*Prompt*:
Please copy out each line of the entries in which "that" appears.

*Dataset records*:
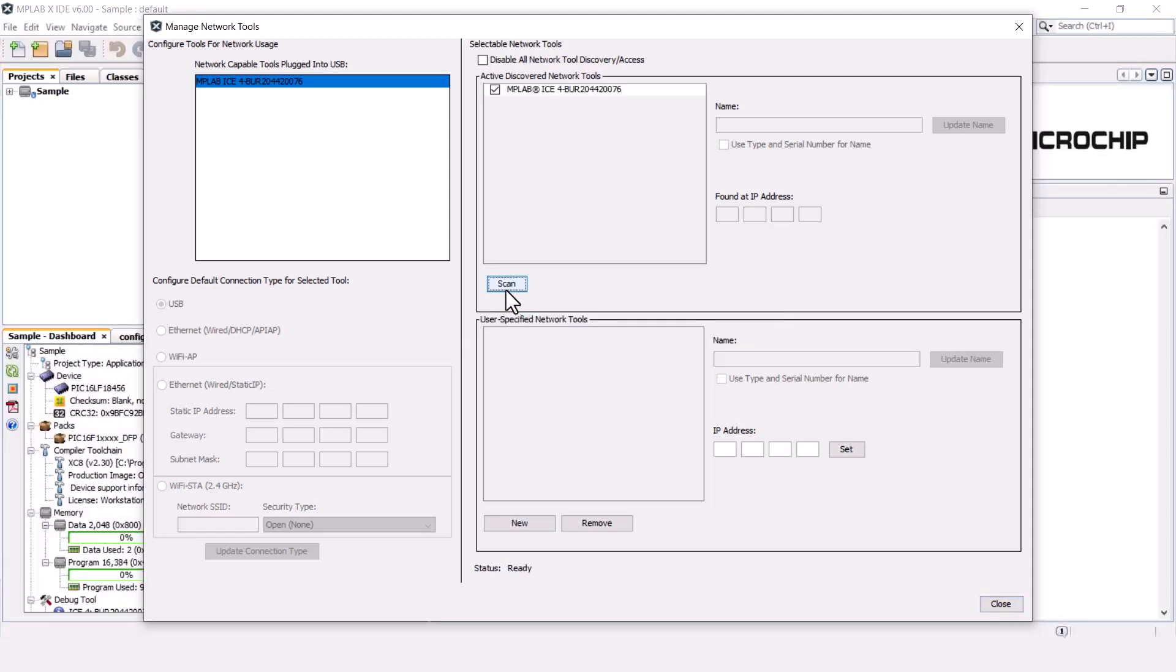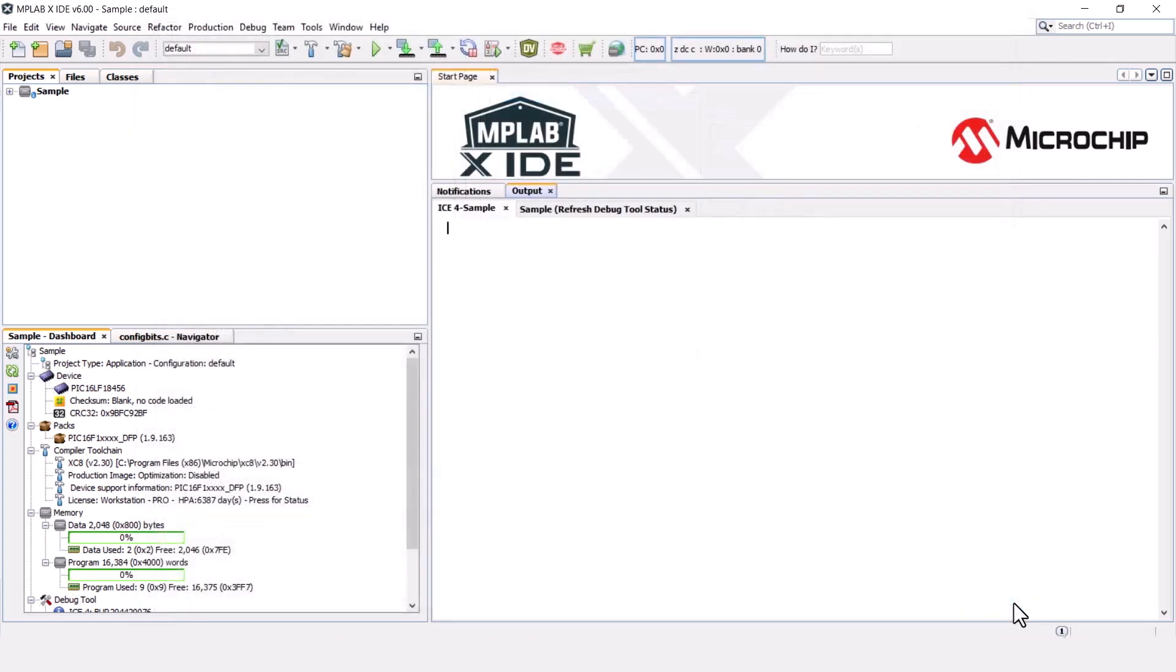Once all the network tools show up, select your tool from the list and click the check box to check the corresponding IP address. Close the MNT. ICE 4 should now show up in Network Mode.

==

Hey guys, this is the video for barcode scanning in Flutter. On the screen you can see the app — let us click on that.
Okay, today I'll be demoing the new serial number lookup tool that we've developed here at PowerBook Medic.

*Output below*:
Hey guys, this is the video for barcode scanning in Flutter. On the screen you can see the app — let us click on that.
Okay, today I'll be demoing the new serial number lookup tool that we've developed here at PowerBook Medic.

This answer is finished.